Colonial Pipe, headquartered in Alpharetta, Georgia, reported a cybersecurity attack involving ransomware on Friday. The company owns a 5,500-mile system of petroleum pipeline that is the largest in the United States, starting in Houston, Texas, and ending in Linden, New Jersey, at New York Harbor.

Colonial’s subsequent press releases are continually updated, most recently 12:25pm today, Monday, May 10.

On May 7, Colonial Pipeline Company learned it was the victim of a cybersecurity attack and has since determined that the incident involved ransomware… Leading, third-party cybersecurity experts were… immediately engaged.” CBS says that forensic investigation firm is FireEye Mandiant; shares of that company have risen since.

Multiple news outlets accept the FBI’s claim that “Darkside ransomware” is responsible for what it calls a “compromise of the Colonial Pipeline networks.” That appears to be among very few datapoints thus far released by the FBI at what is presumably an early stage of their investigation. Earlier today, the bureau’s Twitter made a statement via 3rd party Twitter poster Hootsuite Inc. that it was notified of the incident Friday and is working with “government partners.

Such partners would typically include the FBI and Department of Homeland Security’s (DHS) Cybersecurity and Infrastructure Security Agency (CISA) when the attack is on what is considered critical infrastructure.  MSN is reporting that Trump appointed CISA Director Brandon Wales told senators at a Senate hearing Tuesday, “We are waiting for additional technical information… we do expect information to come… and when we have it, we will use it…”  CISA Colonial’s public statement informs us that the Department of Energy is “leading and coordinating the Federal Government’s response.

Segments of our pipeline are being brought back online in a stepwise fashion,” the press release continues, “we proactively took certain systems offline to contain the threat, which temporarily halted all pipeline operations and affected some of our IT systems. To restore service, we must work to ensure that each of these systems can be brought back online safely… [It is an] incremental process that will facilitate a return to service in a phased approach,” in a plan based on a goal of “substantially restoring operational service by the end of the week.

Colonial thanked government partners for actions it says “should help alleviate local supply disruptions,” referring to a Department of Transportation exemption. DOT’s tweet said, “to avoid disruption to supply… the USDOT’s Federal Motor Carrier Safety Administration is taking steps to create more flexibility for motor carriers and drivers. FMCSA is issuing temporary hours of service exemption that applies to those transporting gasoline, diesel, jet fuel, and other refined petroleum products.” The exemption will apply to 17 states.

Based on anonymous sources, Reuters reports that the outage has led to a shutdown of two crude distillation units at Motiva Enterprises refinery in Port Arthur, Texas.

Founded in 1962, Colonial delivers refined products, including gasoline, diesel, and home heating oil. It boasts 100 million gallons transported daily to over 50 million Americans, 7 Airports Served Directly, 45% of all fuel consumed on the East Coast, and that it provides fuel for the U.S. Military.

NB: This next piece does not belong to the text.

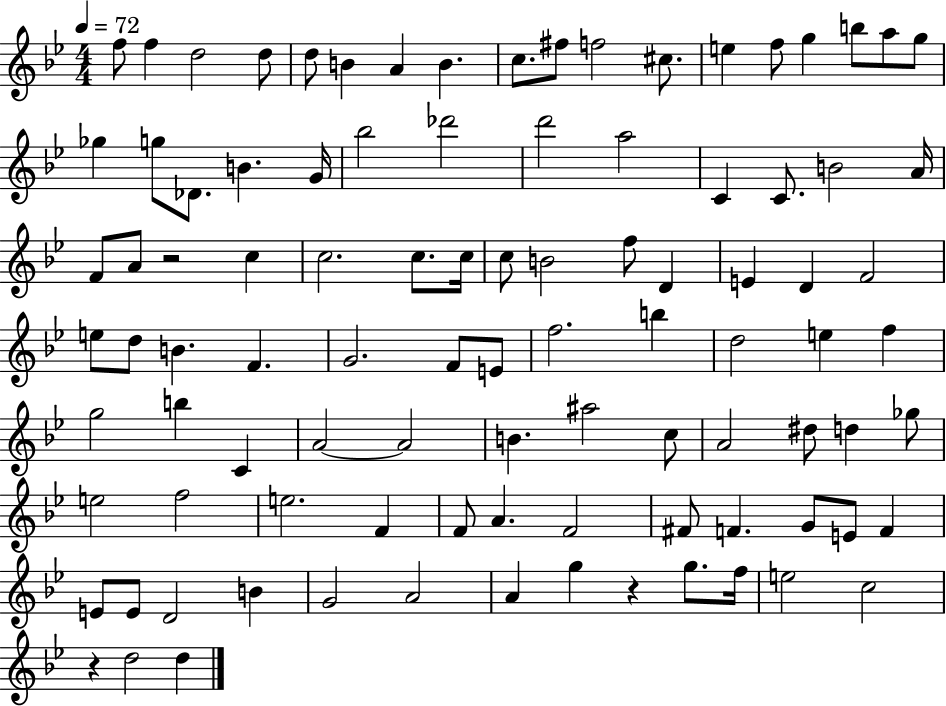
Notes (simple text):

Public-facing pages on Colonial’s website, including an FAQ and one on Emergency Preparedness, provide information about an “extensive program to monitor, maintain, and promote operational excellence” with “aerial and foot patrols of the right-of-way, 24/7 control centers” and an “integrity management program” that allows internal remote inspection of the pipeline. Also mentioned are contractual relationships with Oil Spill Removal Organizations (OSRO), who staff United States Coast Guard (USCG) certified emergency personnel and partnerships with “key public sector agencies and first responders” through an Emergency Responder Liaison Program.
*This article has been updated to include a statement by CISA Director Brandon Wales at a Senate Hearing on 5/11/2021.